[Image-caption web data]

--- START ---

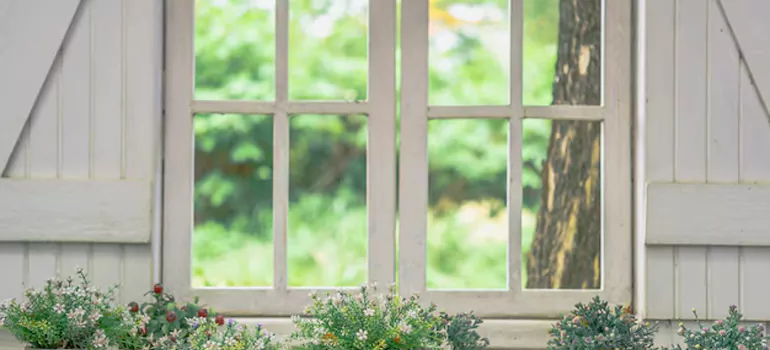 Professional Garden Window Enclosure Repair in North Fort Myers, FL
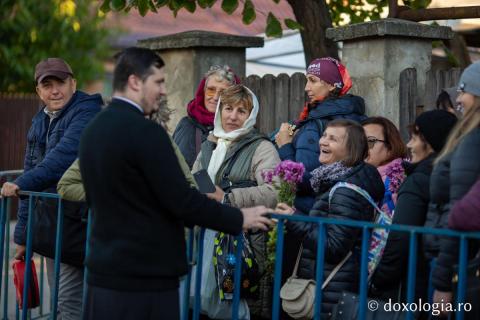Jurnal de pelerin la Sfânta Cuvioasă Parascheva – Ziua a IV-a, 11 octombrie 2025 / foto: Claudiu Pântea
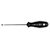 Narex 801301 Schlitzschraubendreher 3x3x75 mm | 90 x 29 mm | Typ: 8013 | PROFI LINE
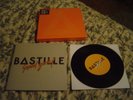 BASTILLE Singles Club Hard Case Box Set 7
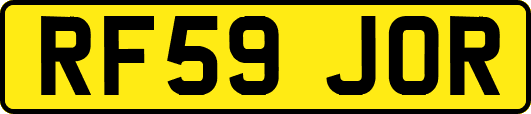RF59JOR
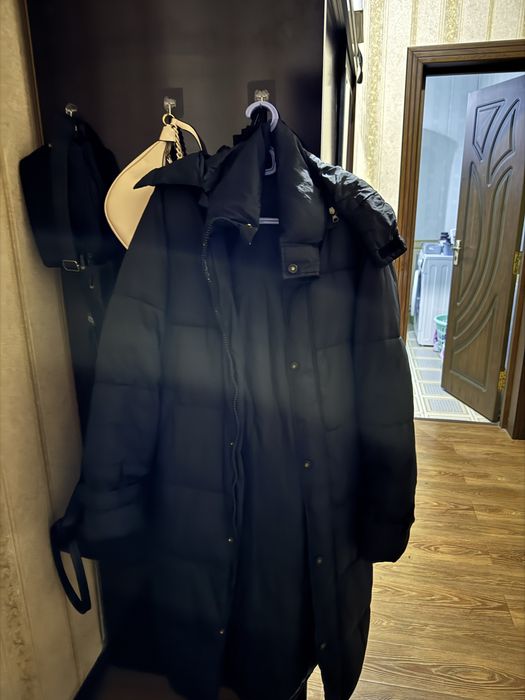 Зимняя куртка (корейская)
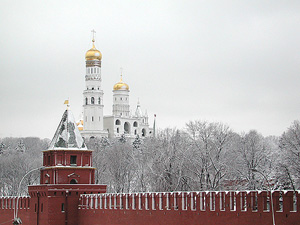 Russia culture tours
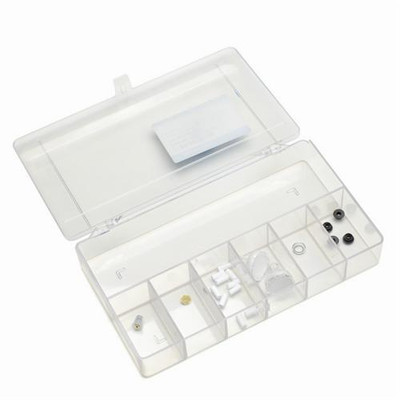 Pm Kit For Prep Pump Includes 3150-0942  
 {2044-G136168710 KT}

--- END ---

[Aim of the task] Reproduce each line of the records exactly and exclude any images.

[Expected answer]
 Professional Garden Window Enclosure Repair in North Fort Myers, FL
Jurnal de pelerin la Sfânta Cuvioasă Parascheva – Ziua a IV-a, 11 octombrie 2025 / foto: Claudiu Pântea
 Narex 801301 Schlitzschraubendreher 3x3x75 mm | 90 x 29 mm | Typ: 8013 | PROFI LINE
 BASTILLE Singles Club Hard Case Box Set 7
RF59JOR
 Зимняя куртка (корейская)
 Russia culture tours
 Pm Kit For Prep Pump Includes 3150-0942  
 {2044-G136168710 KT}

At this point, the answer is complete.